Basically I tried to use a model called LGK model to predict the dendrite growth velocity and dendrite tip radius during the solidification of an alloy. First I wanted to use the same parameters that the model creators used, to see if I can get the same results as theirs. A 2D Newton method is used to iterate until the result is reached.

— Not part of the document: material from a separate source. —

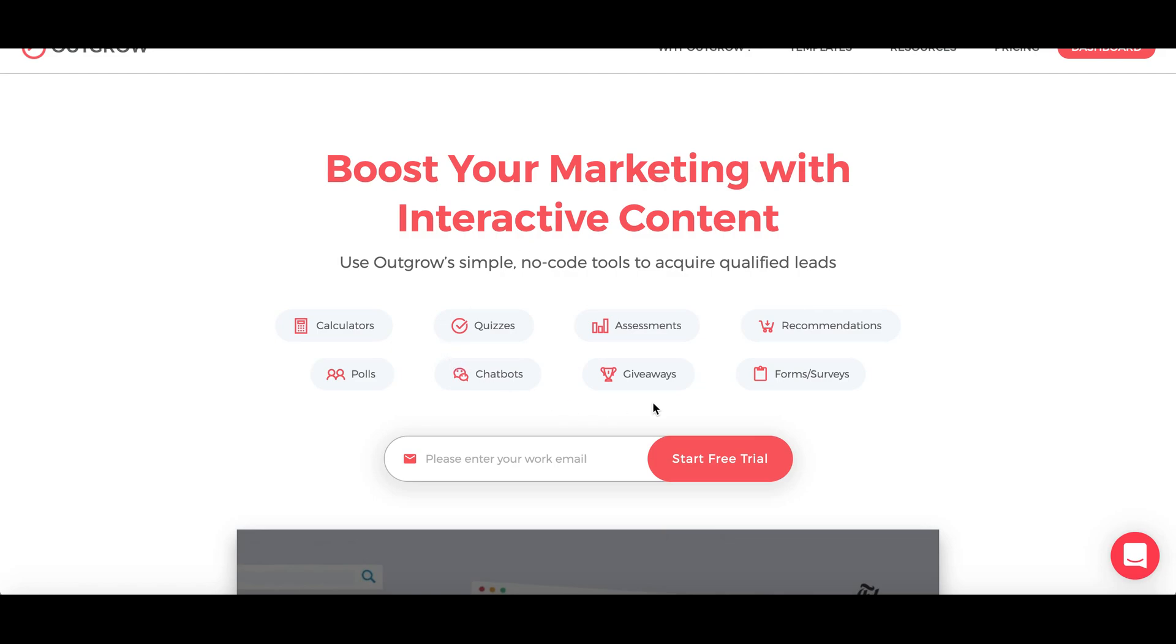So before I do that, let me just explain to you what Outgrow does. Outgrow enables you to create interactive content like calculators, quizzes, recommendations, forms, surveys, chatbots, polls, contests and assessments. These high converting, personalized and viral experiences add real value to the customer, enable new levels of engagement and generate helpful data that you can use to qualify and segment leads.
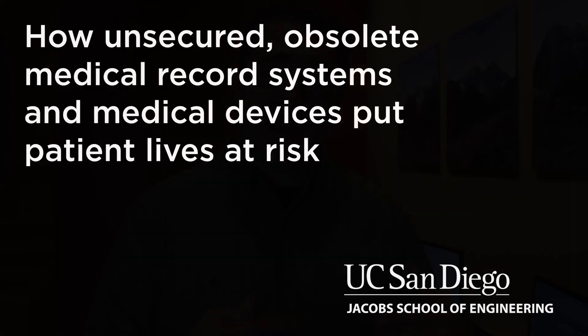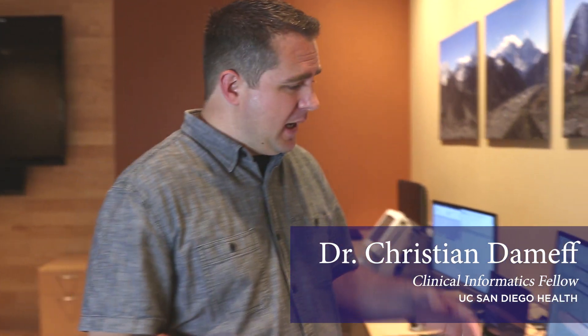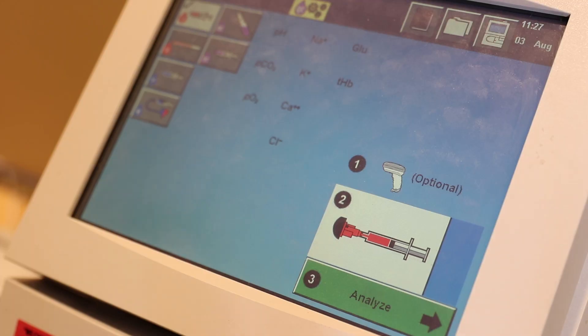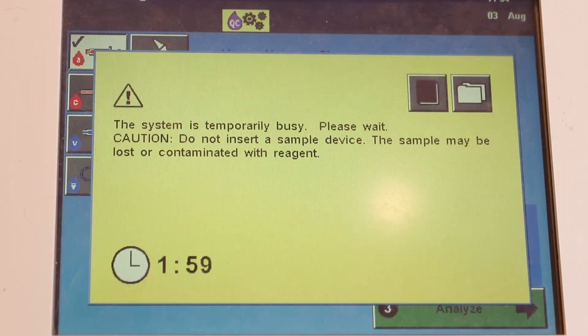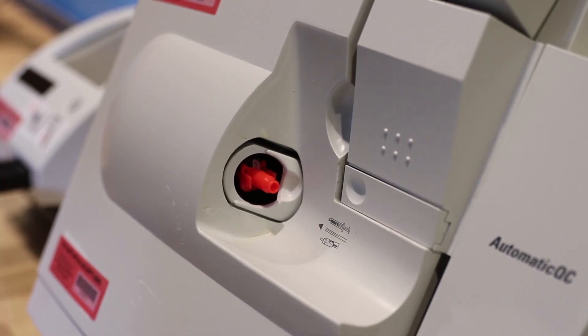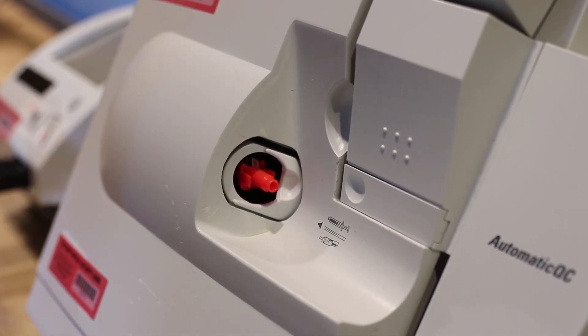First, we're going to talk about the instruments we're going to use to display this type of attack. As you can see over here, we have a blood gas machine. This takes samples of blood and looks at various characteristics for different variables that doctors care about — what are your red blood cells doing, what are your electrolytes doing, what's your sodium, what's your potassium. This device can take a small amount of blood and make results that doctors can act on.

However, despite I used exactly the same parameters and equations (I have checked them multiple times), I could not get the same result as the model creators, instead I got NAN after several cycles.
Here is my code:
clear
clc
%Parameters:
%specific heat capacity (J/kg*K)
Cp = 1937.5;
%latent heat (J/kg)
deltaH = 46.26*10^3;
%thermal diffusivity (m^2/s)
a = 1.14*10^-7;
%Gibbs-Thomson coefficient (K*m)
gamma = 6.62*10^-8;
%interdiffusion coefficient (m^2/s)
D = 1.27*10^-9;
%liquid slope (K/mol.%)
m = -2.16;
%partition coefficient
k0 = 0.103;
%stability constant
sigma = 1/(4*(pi^2));
%composition and temperature
C0 = 0;
deltaT = 0.5;
%initial values to start iterating
V = 0.0001;
R = 0.00001;
syms x1 x2
Pt = (x1*x2)/(2*a); %thermal Peclet number
Pc = (x1*x2)/(2*D); %solutal Peclet number
IvPc = Pc*exp(Pc)*expint(Pc); %Ivantsov function for solutal field
IvPt = Pt*exp(Pt)*expint(Pt); %Ivantsov function for thermal field
f1 = (deltaH/Cp)*IvPt - m*C0*((1-k0)*IvPc)/(1-(1-k0)*IvPc) + 2*gamma/x2 - deltaT;
f2 = (gamma/sigma)/((Pt*deltaH/Cp)-Pc*m*C0*(1-k0)/(1-(1-k0)*IvPc)) - x2;
df1x1 = diff(f1,x1);
df1x2 = diff(f1,x2);
df2x1 = diff(f2,x1);
df2x2 = diff(f2,x2);
%iteration
f3 = [x1;x2] - (([df1x1 df1x2; df2x1 df2x2])^-1)*[f1;f2];
for n = 1:20
x1 = V; x2 = R;
ans_in_sym = subs(f3);
ans_in_double = double(ans_in_sym);
V = ans_in_double(1);
R = ans_in_double(2);
end
V_Difference = V-x1;
R_Difference = R-x2;
fprintf('V = %e\n R = %e\n V-V0 = %e\n R-R0 = %e',V,R,V_Difference,R_Difference);
For these specific C0 and deltaT, V and R should be around 4*10^-5 and 26*10^-6 respectively, but with my code I got NAN after about 45 cycles. First I thought the structure of iteration might be wrong, so I tried a much easier equation:
f1 = 3*x1^2+2*x2^2-25;
f2 = 2*x1^2-x2-15;
and I successfully got the answer with the same (except the equation part) code. So I think the iteration structure is fine, and the problem should be in the equation part.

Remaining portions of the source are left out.